Southwest Michigan nuclear plant closes for repairs after water leak

Repeat water leak leads to shutdown of Palisades site

5/6/2013
ASSOCIATED PRESS
The Palisades nuclear power plant has been shut down nine times since 2011 and is under extra NRC scrutiny for safety issues.
The Palisades nuclear power plant has been shut down nine times since 2011 and is under extra NRC scrutiny for safety issues.

PAW PAW, Mich. — Operators of the Palisades Nuclear Power Plant in southwestern Michigan removed it from service Sunday morning because of a water leak from a tank, which last year caused seepage into the control room.

Operators said they took the plant offline for repairs to the safety injection/refueling water tank.

“There is no impact on the health and safety of plant employees or the public,” Palisades spokesman Lindsay Rose said.

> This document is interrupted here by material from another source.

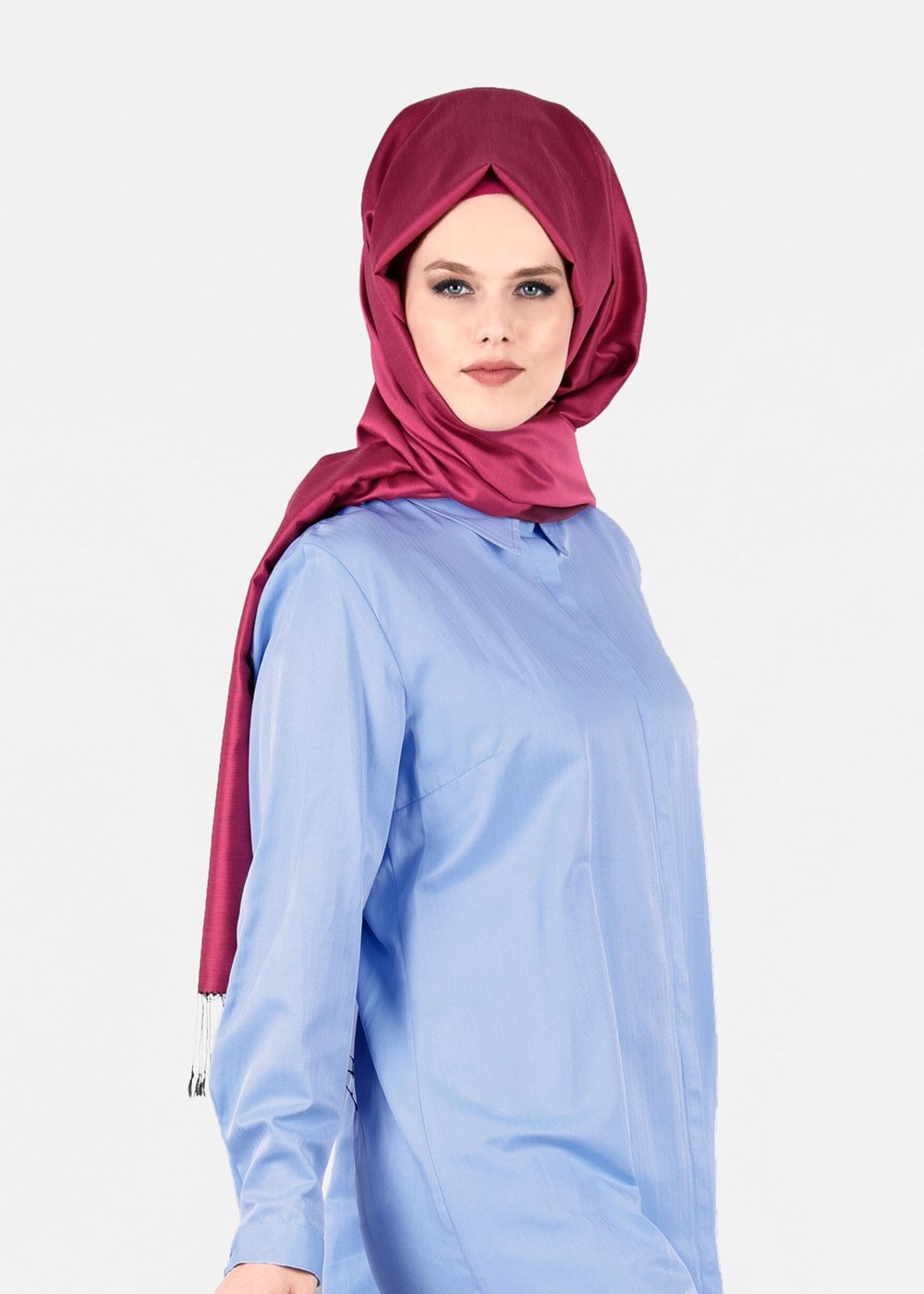 Hijab clothing BLUE T 50427 Allday Gizli Düğmeli Tunik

The plant is along Lake Michigan in Van Buren County’s Covert Township, about 80 miles east-northeast of Chicago.

“This tank has leaked before. It leaked in 2012. The plant had to shut down to repair the leak to the tank,” said Viktoria Mitlyng, a spokesman for the federal Nuclear Regulatory Commission. “It’s a repeat occurrence.”

The leakage in 2012 caused water seepage into the plant’s control room. Sunday’s shutdown happened after the water tank exceeded a 38-gallon daily leak limit set after last year’s shutdown.

“The NRC resident inspectors are closely following the plant’s actions to identify the source of the leakage and repair the tank,” Ms. Mitlyng said.

She also said inspectors “are evaluating these actions to make sure that the plant and the public continue to be safe.”

The plant is owned by New Orleans-based Entergy Corp. and has been under extra NRC scrutiny after numerous safety issues. It has been shut down nine times since September, 2011, including in February for a separate water leakage problem.

In September, 2012, the NRC conducted an 11-day inspection of the plant and determined that its operators had “adequately addressed” problems.

But it said additional oversight was needed to ensure that remaining corrective actions were properly carried out and that the cause of leaks earlier that year would be understood so they wouldn’t lead to new problems.

The NRC said the plant would undergo 1,000 hours of inspection beyond the 2,000 hours of so-called baseline inspections at nuclear plants annually.